To read part 2 of this series, see Radio Daze: Schoolboy Dreams

To read part 4 of this series, see Radio Daze: Bedroom Broadcasting

Cartoon credit: Allan Cavanagh, from Charlie Adley’s Double Vision blog

Radio Daze: Schoolboy Dreams

In the second blog post about my life in radio, I recount how my childhood dream to be a DJ developed. After the closure of all but one of the pirate stations in 1967, opportunities were pretty much non-existent — especially for a gawky kid still at school! Then came a chance meeting with another young radio nut …

Harold Wilson with The BeatlesAfter my beloved Radio London closed down in August 1967, it felt like life would never be the same. There had been demonstrations in London’s Trafalgar Square and other locations against the Marine, Etc., Broadcasting Offences act that had outlawed them, but the Labour government, under Prime Minister Harold Wilson, was adamant: there would be no return to the casual copyright-breaking and stealing of radio frequencies in which the pirates indulged.

Left: Harold Wilson courting the youth vote by rubbing shoulders with the Beatles (credit: BBC/PA)

Still, Wilson recognised that the country’s youth was deeply unsettled by having the pirates sunk, so with an eye on the next General Election, due in 1970, and with the forthcoming Representation of the People act of 1969 looming (which gave the vote for the first time to those aged 18, 19 and 20), the government promised a shake-up of the BBC which included a new pop station, “Wonderful” Radio 1, due to open in September ’67 — but the general buzz in the school playground was that it couldn’t possibly be as good as the pirates it sought to replace.
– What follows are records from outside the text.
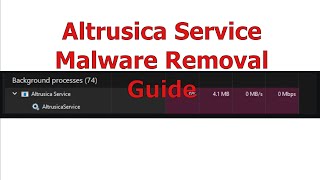 Altrusica Service Virus - Automatic and Manual Removal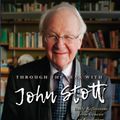 Cover Art for 9780857219633, Through the Year With John Stott: Daily Reflections from Genesis to Revelation by Reverend John Stott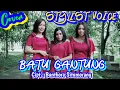 BATU GANTUNG // Cover STYLIST VOICE //Cipt : Bunthora Situmorang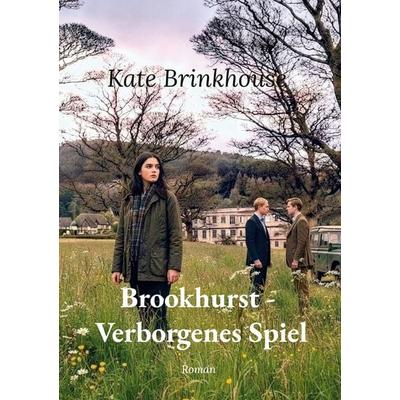 Brookhurst - Verborgenes Spiel, Taschenbuch von Kate Brinkhouse, BoD – Books on Demand, 978-3-695-74671-2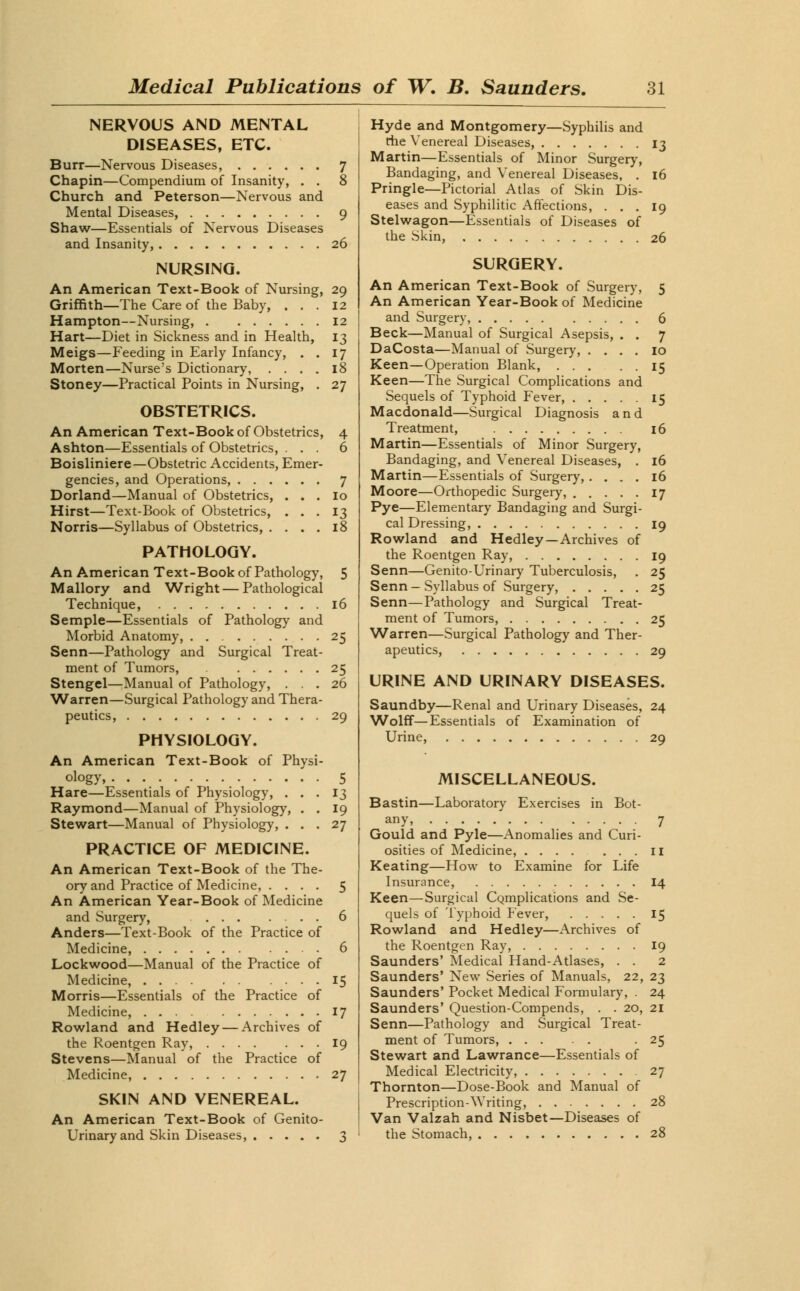 NERVOUS AND MENTAL DISEASES, ETC. Burr—Nervous Diseases, 7 Chapin—Compendium of Insanity, . . 8 Church and Peterson—Nervous and Mental Diseases, 9 Shaw—Essentials of Nervous Diseases and Insanity, 26 NURSING. An American Text-Book of Nursing, 29 Griffith—The Care of the Baby, ... 12 Hampton—Nursing, 12 Hart—Diet in Sickness and in Health, 13 Meigs—Feeding in Early Infancy, . . 17 Morten—Nurse's Dictionary, .... 18 Stoney—Practical Points in Nursing, . 27 OBSTETRICS. An American Text-Book of Obstetrics, 4 Ashton—Essentials of Obstetrics, . . . 6 Boisliniere—Obstetric Accidents, Emer- gencies, and Operations, 7 Dorland—Manual of Obstetrics, . . . 10 Hirst—Text-Book of Obstetrics, ... 13 Norris—Syllabus of Obstetrics, .... 18 PATHOLOGY. An American Text-Book of Pathology, 5 Mallory and Wright—Pathological Technique, 16 Semple—Essentials of Pathology and Morbid Anatomy, 25 Senn—Pathology and Surgical Treat- ment of Tumors, 25 Stengel—Manual of Pathology, ... 26 Warren—Surgical Pathology and Thera- peutics, 29 PHYSIOLOGY. An American Text-Book of Physi- ology, 5 Hare—Essentials of Physiology, ... 13 Raymond—Manual of Physiology, . . 19 Stewart—Manual of Physiology, ... 27 PRACTICE OF MEDICINE. An American Text-Book of the The- ory and Practice of Medicine, .... 5 An American Year-Book of Medicine and Surgery, 6 Anders—Text-Book of the Practice of Medicine, 6 Lockwood—Manual of the Practice of Medicine, 15 Morris—Essentials of the Practice of Medicine, 17 Rowland and Hedley — Archives of the Roentgen Ray, 19 Stevens—Manual of the Practice of Medicine, 27 SKIN AND VENEREAL. An American Text-Book of Genito- urinary and Skin Diseases, 3 Hyde and Montgomery—Syphilis and the Venereal Diseases, 13 Martin—Essentials of Minor Surgery, Bandaging, and Venereal Diseases, . 16 Pringle—Pictorial Atlas of Skin Dis- eases and Syphilitic Affections, ... 19 Stelwagon—Essentials of Diseases of the Skin, 26 SURGERY. An American Text-Book of Surgery, 5 An American Year-Book of Medicine and Surgery, 6 Beck—Manual of Surgical Asepsis, . . 7 DaCosta—Manual of Surgery, .... 10 Keen—Operation Blank, 15 Keen—The Surgical Complications and Sequels of Typhoid Fever, 15 Macdonald—Surgical Diagnosis and Treatment, 16 Martin—Essentials of Minor Surgery, Bandaging, and Venereal Diseases, . 16 Martin—Essentials of Surgery,.... 16 Moore—Orthopedic Surgery, 17 Pye—Elementary Bandaging and Surgi- cal Dressing, 19 Rowland and Hedley—Archives of the Roentgen Ray, 19 Senn—Genito-Urinary Tuberculosis, . 25 Senn - Syllabus of Surgery, 25 Senn—Pathology and Surgical Treat- ment of Tumors, 25 Warren—Surgical Pathology and Ther- apeutics, 29 URINE AND URINARY DISEASES. Saundby—Renal and Urinary Diseases, 24 Wolff—Essentials of Examination of Urine, 29 MISCELLANEOUS. Bastin—Laboratory Exercises in Bot- any, 7 Gould and Pyle—Anomalies and Curi- osities of Medicine, 11 Keating—How to Examine for Life Insurance, 14 Keen—Surgical CQmplications and Se- quels of Typhoid Fever, 15 Rowland and Hedley—Archives of the Roentgen Ray, 19 Saunders' Medical Hand-Atlases, . . 2 Saunders' New Series of Manuals, 22, 23 Saunders' Pocket Medical Formulary, . 24 Saunders' Question-Compends, . . 20, 21 Senn—Pathology and Surgical Treat- ment of Tumors, . 25 Stewart and Lawrance—Essentials of Medical Electricity, 27 Thornton—Dose-Book and Manual of Prescription-Writing, 28 Van Valzah and Nisbet—Diseases of the Stomach, 28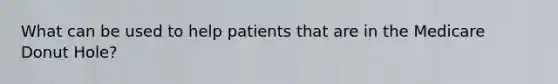 What can be used to help patients that are in the Medicare Donut Hole?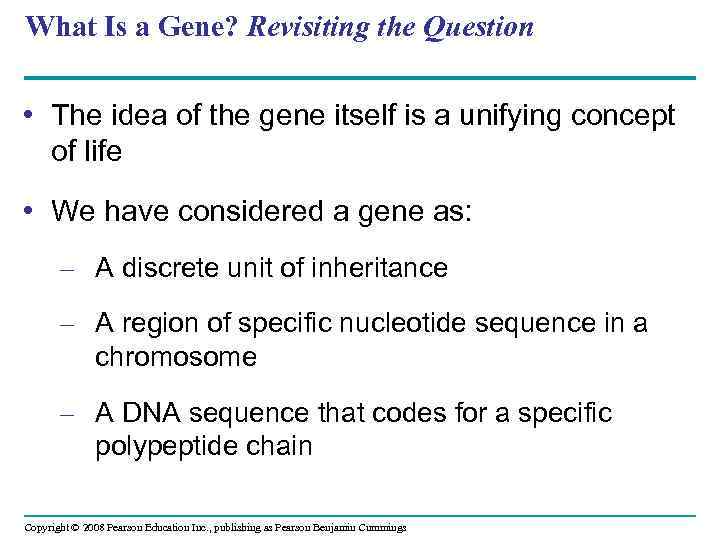 What Is a Gene? Revisiting the Question • The idea of the gene itself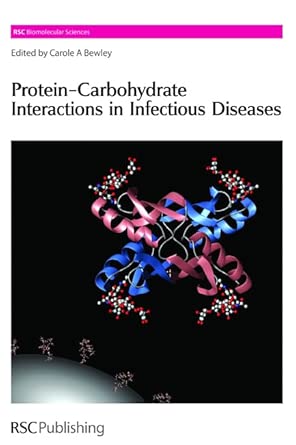 Protein-Carbohydrate Interactions in Infectious Diseases: Volume 5-Wow! eBook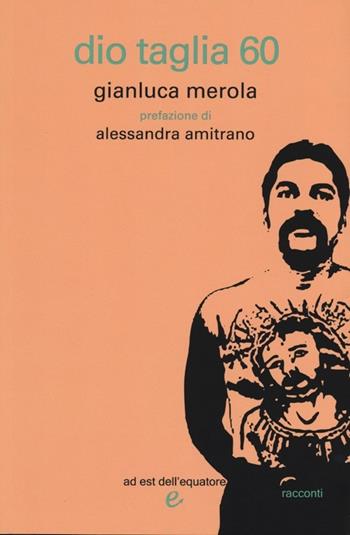 Dio taglia 60 - Gianluca Merola - Libro Ad Est dell'Equatore 2013, I virus | Libraccio.it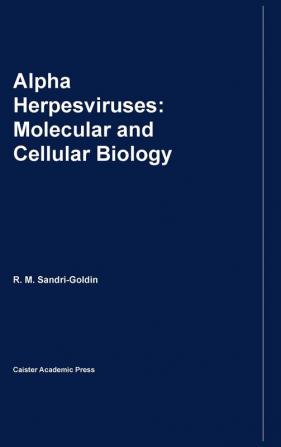 Alpha Herpesviruses: Molecular and Cellular Biology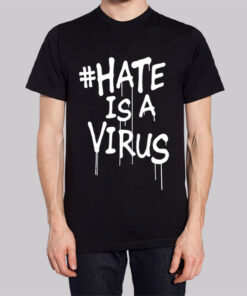 Hastag Hate Is a Virus Shirt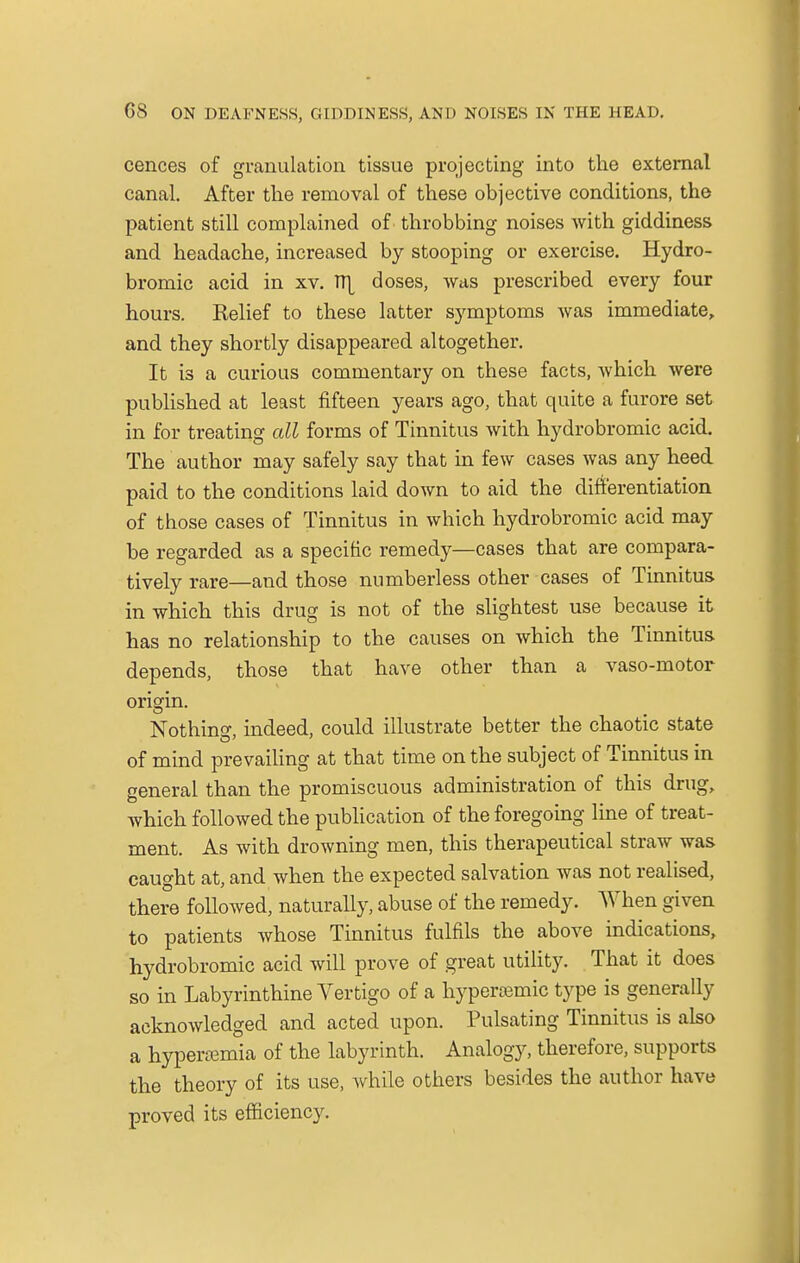 cences of granulation tissue projecting into the external canal. After the removal of these objective conditions, the patient still complained of throbbing noises with giddiness and headache, increased by stooping or exercise. Hydro- bromic acid in xv. TT^ doses, was prescribed every four hours. Kelief to these latter symptoms was immediate, and they shortly disappeared altogether. It is a curious commentary on these facts, which were published at least fifteen years ago, that quite a furore set in for treating all forms of Tinnitus with hydrobromic acid. The author may safely say that in few cases was any heed paid to the conditions laid down to aid the differentiation of those cases of Tinnitus in which hydrobromic acid may be regarded as a specific remedy—cases that are compara- tively rare—and those numberless other cases of Tinnitus in which this drug is not of the slightest use because it has no relationship to the causes on which the Tinnitus depends, those that have other than a vaso-motor origin. Nothing, indeed, could illustrate better the chaotic state of mind prevailing at that time on the subject of Tinnitus in general than the promiscuous administration of this drug, which followed the publication of the foregoing line of treat- ment. As with drowning men, this therapeutical straw was caught at, and when the expected salvation was not realised, there followed, naturally, abuse of the remedy. When given to patients whose Tinnitus fulfils the above indications, hydrobromic acid will prove of great utility. That it does so in Labyrinthine Vertigo of a hypereemic type is generally acknowledged and acted upon. Pulsating Tinnitus is also a hyperemia of the labyrinth. Analogy, therefore, supports the theory of its use, while others besides the author have proved its efficiency.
The BBC cannily offered jobs to many of the pirate DJs, and so it was that on 30th September 1967, Tony Blackburn opened Radio 1 with his breakfast show.

Radio 1 LogoTo us listeners, Radio 1 was a mixed bag: it was good to hear some of our favourite DJs back on the air again, but “needle time” restrictions meant that a percentage of its output couldn’t be the commercial pop records the pirates had played constantly — to keep its members in a job, the Musicians’ Union insisted in its agreement with the BBC that some music, of a more sedate, highly orchestrated kind, had to be specially recorded by the Corporation.

Right: Get various Radio 1 logos as desktop wallpaper! (credit: BBC)

Because of early budgetary limits, Radio 1 also shared some of its on-air time with Radio 2, the station aimed at an older audience and a replacement for the old Light Programme. This didn’t really go down well with the younger audience, but what else was there — apart from the pirate station Radio Caroline, which had defied the MEBO act and stayed on air, and Radio Luxembourg in the evenings?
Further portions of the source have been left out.